Records provided Start Marker

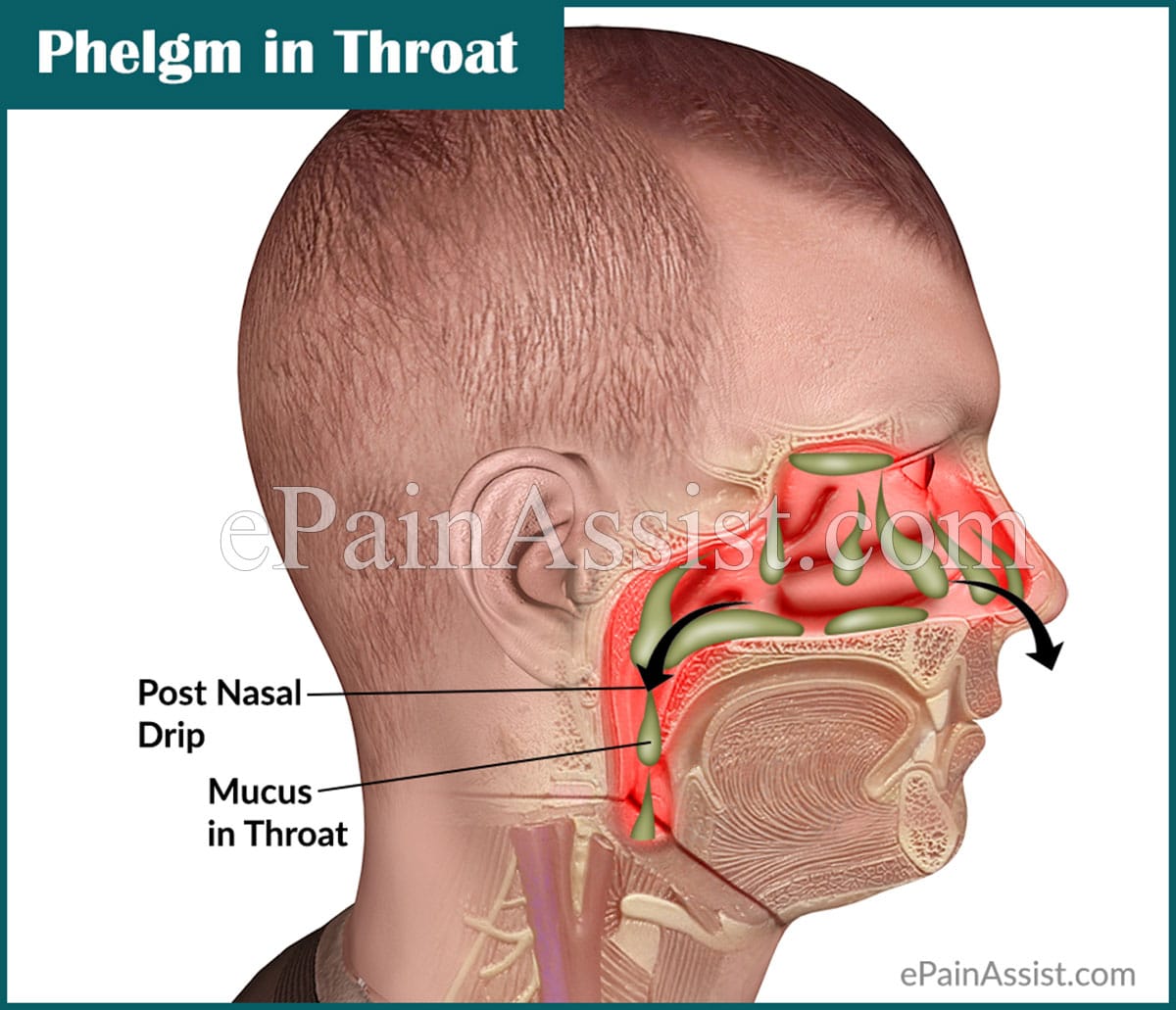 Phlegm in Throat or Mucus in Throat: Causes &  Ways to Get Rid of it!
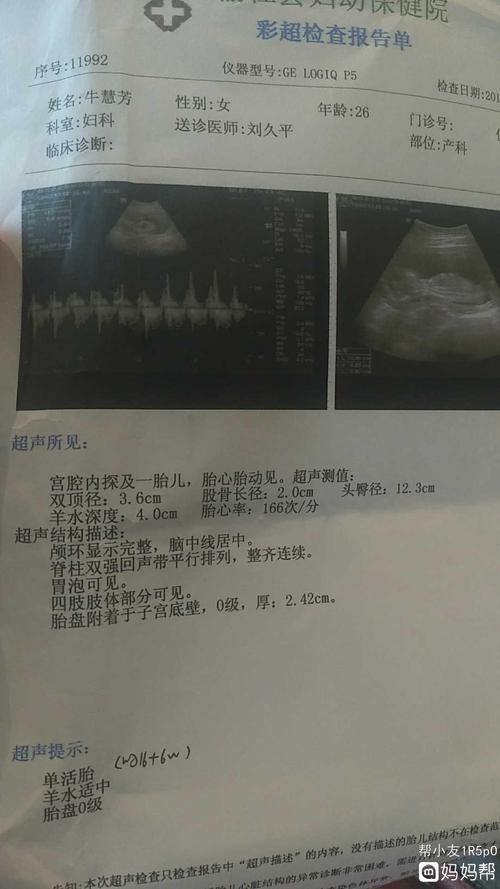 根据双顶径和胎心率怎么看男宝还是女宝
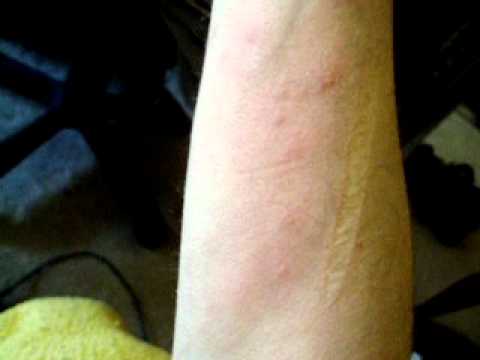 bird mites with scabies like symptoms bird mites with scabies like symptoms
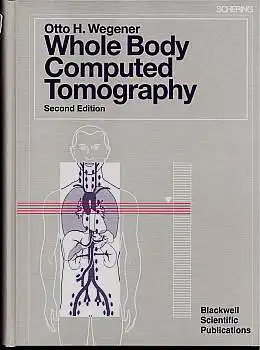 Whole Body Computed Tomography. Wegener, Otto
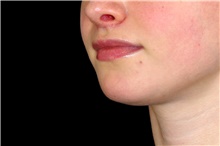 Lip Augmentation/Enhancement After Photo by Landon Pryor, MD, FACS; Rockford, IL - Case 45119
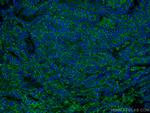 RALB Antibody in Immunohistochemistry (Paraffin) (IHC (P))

Records provided End Marker

▶ **Your goal**
Set down word for word the lines from the opening of the entries above through the line that contains "Whole Body Computed", and omit every picture.

▶ **Solution for this exercise**
 Phlegm in Throat or Mucus in Throat: Causes &  Ways to Get Rid of it!
 根据双顶径和胎心率怎么看男宝还是女宝
 bird mites with scabies like symptoms bird mites with scabies like symptoms
 Whole Body Computed Tomography. Wegener, Otto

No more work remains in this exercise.